Living in Midair: Life as an Undocumented Youth

August 17, 2017

By Lina Maria Lenis Gonzalez

Dreamer ProtestingIn life, there are some experiences that others can try to relate to and genuinely feel sympathy and compassion for but never truly understand unless they’ve lived those experiences themselves. Being undocumented in the land of the free and home of the brave is one of those experiences and marks you forever. For twelve years, I felt like I was living in midair—I considered myself American, but my feet could never touch the ground because the government I so admired didn’t consider me one of its own. Although by textbook definition I am no longer a Dreamer, I will forever call myself one—because Dreamers are a family who relate to each other by the similarity of their scars. We’ve all been marked by the fear that our parents may not come home for dinner, falling victims to the raids. But there is one scar that stands out in all of us: the fear of not being able to attend college.
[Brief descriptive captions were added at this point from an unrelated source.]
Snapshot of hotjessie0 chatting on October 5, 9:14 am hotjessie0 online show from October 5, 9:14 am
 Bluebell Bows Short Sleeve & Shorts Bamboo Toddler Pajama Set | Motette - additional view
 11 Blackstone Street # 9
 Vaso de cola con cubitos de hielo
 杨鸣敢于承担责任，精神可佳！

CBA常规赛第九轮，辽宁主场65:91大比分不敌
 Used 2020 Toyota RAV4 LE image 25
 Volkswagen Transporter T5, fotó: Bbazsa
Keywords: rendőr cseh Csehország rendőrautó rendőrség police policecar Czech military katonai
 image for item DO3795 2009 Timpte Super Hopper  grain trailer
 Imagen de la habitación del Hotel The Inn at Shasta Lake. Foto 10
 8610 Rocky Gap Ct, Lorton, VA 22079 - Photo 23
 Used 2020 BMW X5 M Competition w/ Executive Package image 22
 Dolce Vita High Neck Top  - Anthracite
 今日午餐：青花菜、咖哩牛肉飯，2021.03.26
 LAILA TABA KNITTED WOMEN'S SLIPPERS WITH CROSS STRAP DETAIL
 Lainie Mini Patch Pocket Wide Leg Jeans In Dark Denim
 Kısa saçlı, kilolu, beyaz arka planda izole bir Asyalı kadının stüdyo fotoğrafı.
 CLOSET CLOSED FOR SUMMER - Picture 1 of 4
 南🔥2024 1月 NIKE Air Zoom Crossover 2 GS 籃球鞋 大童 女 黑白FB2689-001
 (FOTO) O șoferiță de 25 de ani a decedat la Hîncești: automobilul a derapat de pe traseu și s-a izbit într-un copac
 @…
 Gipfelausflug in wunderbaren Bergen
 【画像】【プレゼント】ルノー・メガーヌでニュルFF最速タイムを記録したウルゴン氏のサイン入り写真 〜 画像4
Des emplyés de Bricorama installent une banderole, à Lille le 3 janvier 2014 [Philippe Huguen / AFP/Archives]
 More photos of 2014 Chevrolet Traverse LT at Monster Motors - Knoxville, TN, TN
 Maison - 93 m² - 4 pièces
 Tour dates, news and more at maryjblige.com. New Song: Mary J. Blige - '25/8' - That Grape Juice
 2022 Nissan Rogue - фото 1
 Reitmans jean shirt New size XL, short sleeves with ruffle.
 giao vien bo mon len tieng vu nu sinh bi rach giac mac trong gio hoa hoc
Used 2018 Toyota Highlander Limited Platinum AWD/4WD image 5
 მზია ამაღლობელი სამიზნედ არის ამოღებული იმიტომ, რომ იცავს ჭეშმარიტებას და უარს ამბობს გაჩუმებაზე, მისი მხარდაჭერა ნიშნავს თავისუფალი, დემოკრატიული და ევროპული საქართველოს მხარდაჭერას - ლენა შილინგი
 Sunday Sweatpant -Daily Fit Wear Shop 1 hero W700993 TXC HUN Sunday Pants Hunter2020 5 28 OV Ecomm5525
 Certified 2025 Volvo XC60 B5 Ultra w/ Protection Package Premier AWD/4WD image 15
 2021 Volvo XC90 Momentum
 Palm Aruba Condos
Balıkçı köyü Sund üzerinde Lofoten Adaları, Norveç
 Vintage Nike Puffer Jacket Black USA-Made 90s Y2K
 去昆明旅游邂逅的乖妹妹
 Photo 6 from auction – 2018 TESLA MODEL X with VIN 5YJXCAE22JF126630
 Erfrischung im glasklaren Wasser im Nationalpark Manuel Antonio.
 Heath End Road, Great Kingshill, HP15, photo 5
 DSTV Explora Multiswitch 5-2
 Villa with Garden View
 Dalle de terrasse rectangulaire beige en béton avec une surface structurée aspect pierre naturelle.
This fear is all too real because undocumented students cannot apply for federal financial aid (including loans) and are ineligible for instate tuition in most states. Furthermore, they are barred from applying to countless scholarships which require citizenship. And the scholarships that are available to Dreamers typically come in small amounts. These factors, along with the socio-economic realities of the immigrant community, make it nearly impossible for undocumented students to enroll in a four-year college program, much less at the institution of their choice.

Until my senior year of high school, the odds were against my attending college. In my entire life, I have never feared anything more. My parents always painted a picture in my mind of what higher education could mean for me and my future. I yearned to know what it would feel like to move into a dorm room, sit in a large college lecture hall, and graduate as my parents cry tears of joy from the audience. The agony I felt over the thought of never getting the opportunity to experience these things is something that only undocumented youths and their parents can truly understand.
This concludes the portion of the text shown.